In order to more intuitively and truly reflect the inhibition effect of the compound 9 on the growth of the prostate cancer cells, the cultured tumor cells are photographed in real time through a high content analysis system, so that the inhibition effect of the compound 9 on the growth of the prostate cancer cells is detected. As shown in fig. 3, after 2.5 μ M compound 9 treated PC3 and DU145 cells, respectively, the number of PC3 cells did not change significantly over time, whereas the number of DU145 cells slightly increased and cell proliferation was inhibited. The number of cells in the control group is obviously increased, and the cell proliferation is normal. The 2.5 mu M compound 9 can obviously inhibit the proliferation of the prostate cancer cells PC3 and DU 45.
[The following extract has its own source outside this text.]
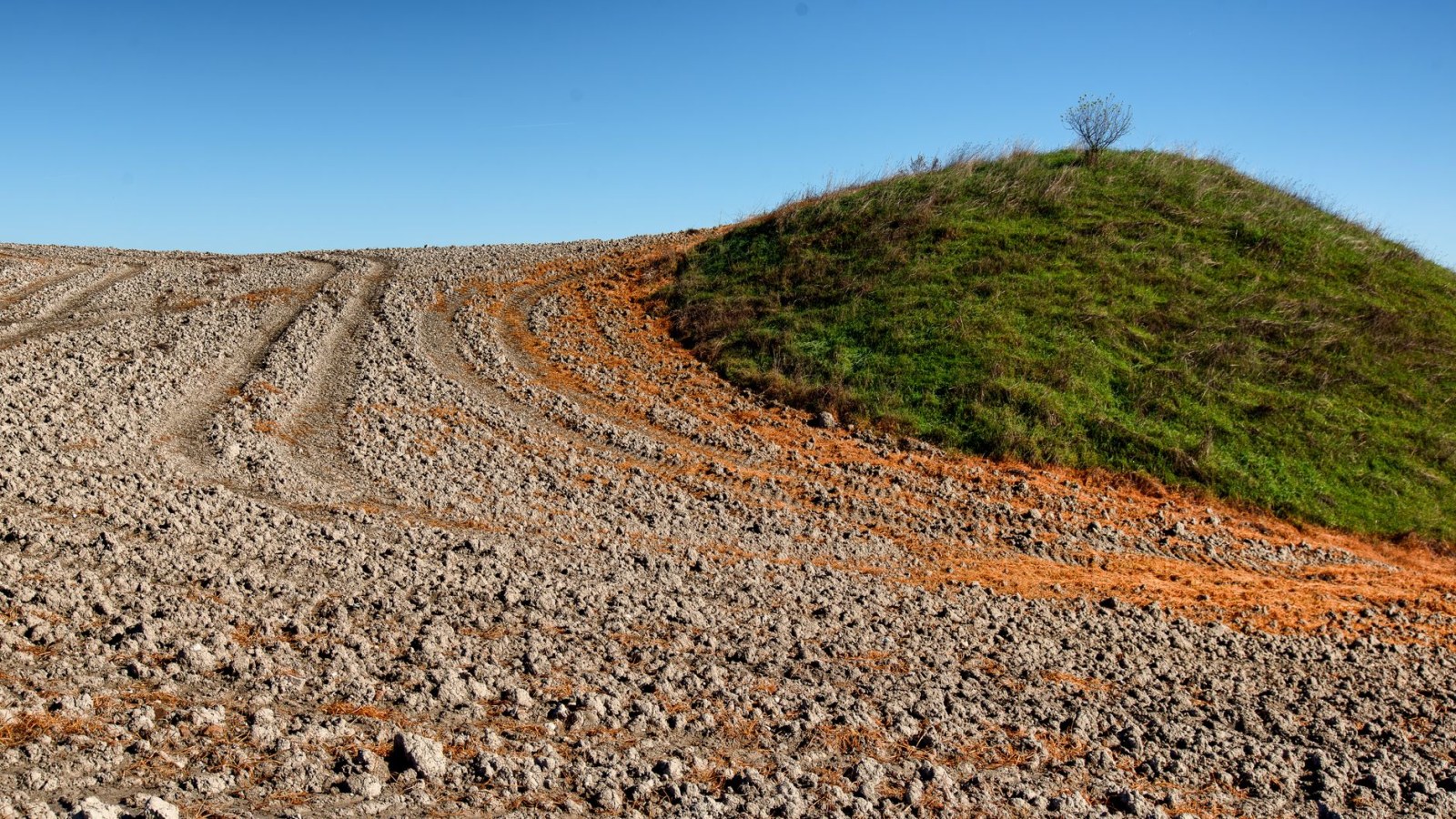 6. Pas de cave ? Les agriculteurs enterraient simplement leur récolte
To further verify the inhibitory effect of compound 9 on the proliferative capacity of prostate cancer cells, a clonogenic experiment was performed based on the experiment of fig. 3. Will be 1 × 10³A single PC3 cell was seeded in 6-well platesCultured overnight at 37 ℃ in a 5% carbon dioxide cell culture chamber. Cells were treated with compound 9 at 0. mu.M, 1.25. mu.M and 2.5. mu.M for 48 hours, and then replaced with fresh complete medium for further culture for 4 days. The effect of compound 9 on the clonality of prostate cancer cells was examined by fixing the cells with 4% paraformaldehyde and staining with 1% crystal violet solution. The results are shown in fig. 4, and compound 9 can significantly inhibit the clonogenic capacity of PC3 cells. Further, compound 9 was shown to inhibit prostate cancer cell proliferation.

The experiments prove that the compound 9 has a remarkable inhibition effect on the proliferation of prostate cancer cells.

Accordingly, the pyrrolo of the present inventionThe ketone fused ring derivative can be used for preparing antitumor drugs, in particular to antitumor drugs for treating pancreatic cancer cells, colon cancer cells, prostate cancer cells, breast cancer cells and head and neck squamous cell carcinoma cells, and the antitumor drugs comprise pyrroloKetone fused ring derivatives or pharmaceutically acceptable salts, hydrates or combinations thereof and auxiliary materials.

Although the present invention has been described in detail with reference to the preferred embodiments, it will be understood by those skilled in the art that various changes may be made and equivalents may be substituted without departing from the spirit and scope of the invention as defined in the appended claims. The techniques, shapes, and configurations not described in detail in the present invention are all known techniques.